The Dartmoor Granite was emplaced at about 280 Ma BP, as dated by the Rb/Sr method (Darbyshire and Shepherd, 1985) making it the youngest Cornubian intrusion except for Land's End, and most of the rock is coarse grained and megacrystic, although a non- or poorly megacrystic variety also occurs. These were called 'giant' and 'blue' granite respectively by Brammall and Harwood (1923), who argued that the latter was intruded into the former: it has subsequently been recognized that the variation is gradational (Dangerfield and Hawkes, 1981; Hawkes, 1982), with both types corresponding with the Type B
Brammall and Harwood (1932) published analyses from a sequence of 'shales' at Burrator as the contact was approached (over a distance of about 5 m) and used these, in conjunction with 'fresh' granite, to demonstrate both the chemical exchanges consequent upon intrusion and the effects upon the granite magma of the assimilation of xenoliths. In particular they concluded that the earliest of the Dartmoor magmas was 'acid' and was 'basified' by contamination at the same time as it was undergoing differentiation. The analyses remain valid and, in general terms, this view is still held, the earliest magma being envisaged as lower crustal and palingenetic in origin (see 'Petrogenesis' section above). It then rose through a pile of sediments and basic volcanics to its final high-level position where it consolidated in an essentially passive fashion, as the locally undeformed rocks show. However, it is now believed that some minerals, especially biotite, were derived from the source rocks, and that at low crustal levels the physicochemical condition of the magma prevented substantial assimilation (Stone, 1979; Bromley and Holl, 1986; Stone and Exley, 1986; Bromley, 1989) of the sort envisaged by Brammall and Harwood. The introduction of potassium from sediments was part of Brammall and Harwood's thesis, but it is now thought that late-magmatic potassium metasomatism was facilitated by an aqueous phase, and that the megacrystic texture was a consequence of this (Stone and Austin, 1961; Hawkes in Edmonds et al., 1968; Exley and Stone, 1982; Exley et al., 1983; Stone and Exley, 1986).

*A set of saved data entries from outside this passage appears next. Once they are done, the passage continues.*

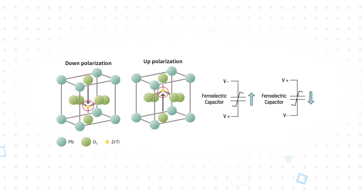Electrically, the capacitor can be polarized up or down depending on the direction of the electric field, and this allows data to be written and read based on these two states, with virtually unlimited write endurance, fast non-volatile write speed, and zero write latency.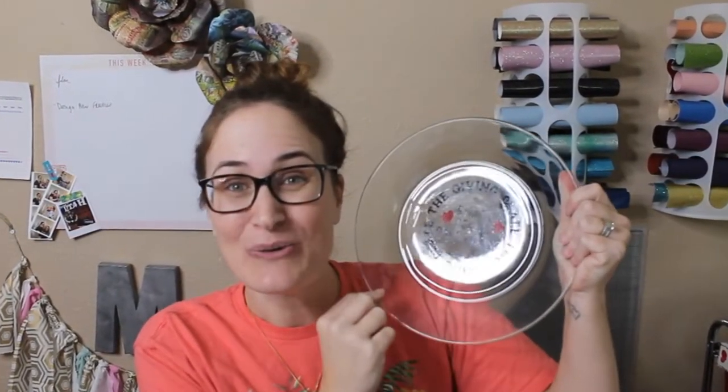Thanks so much for tuning in. I can't wait to see what types of giving plates you end up making, and I'll see you back on the next tutorial. Bye.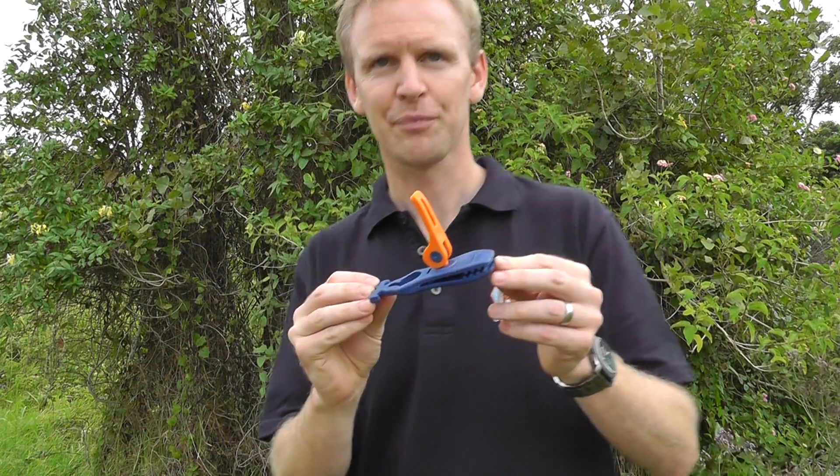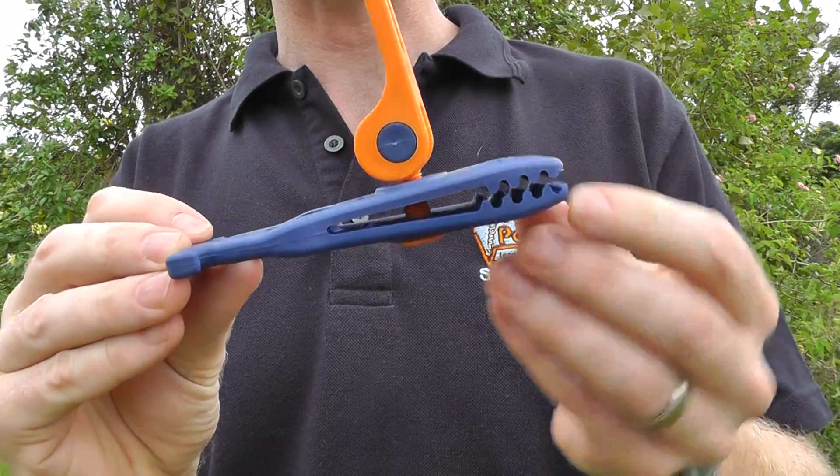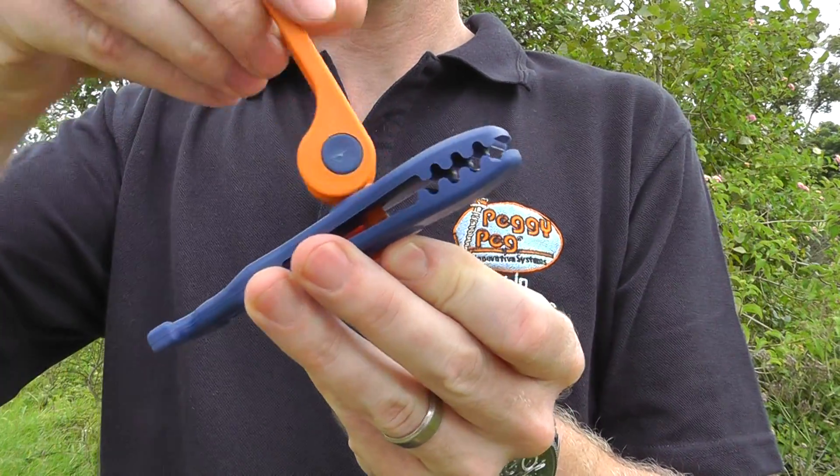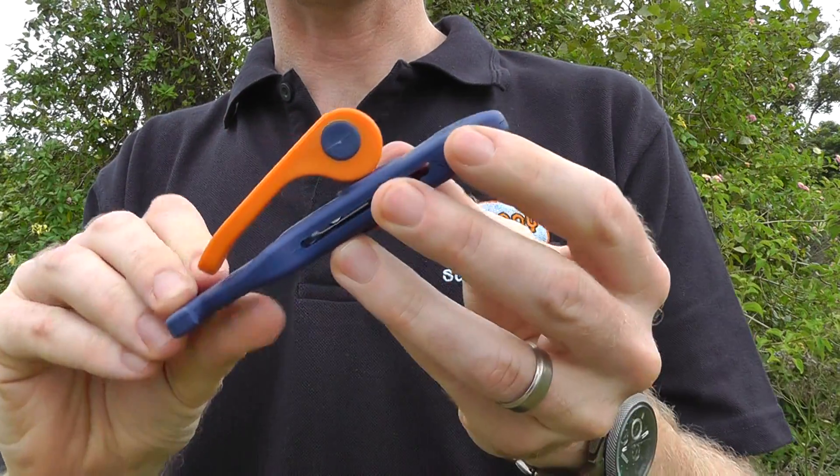This is the Crocodile Peggy Tarp Clamp. It's great for hanging tarps, holding tarps in place, and also great for hanging things off awnings. Simply just screw up the thing, pull the cam across and it locks on — the teeth lock into place.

Although the assimilation of metasediment is not now regarded as being as important as Brammall and Harwood believed, the changes in the rocks at Burrator Quarries, and their interpretation by these authors, continue to be important to the understanding of the effects of Cornubian granite intrusion on the country rocks and the alterations which can result from assimilation.
This site is important both as a locality where contact phenomena of the Dartmoor (and, by implication, other Cornubian) Granite can be seen and as a place where classic work on Cornubian granite genesis was carried out. Although the conclusions from this work have been modified by subsequent findings, the data and principles still stand.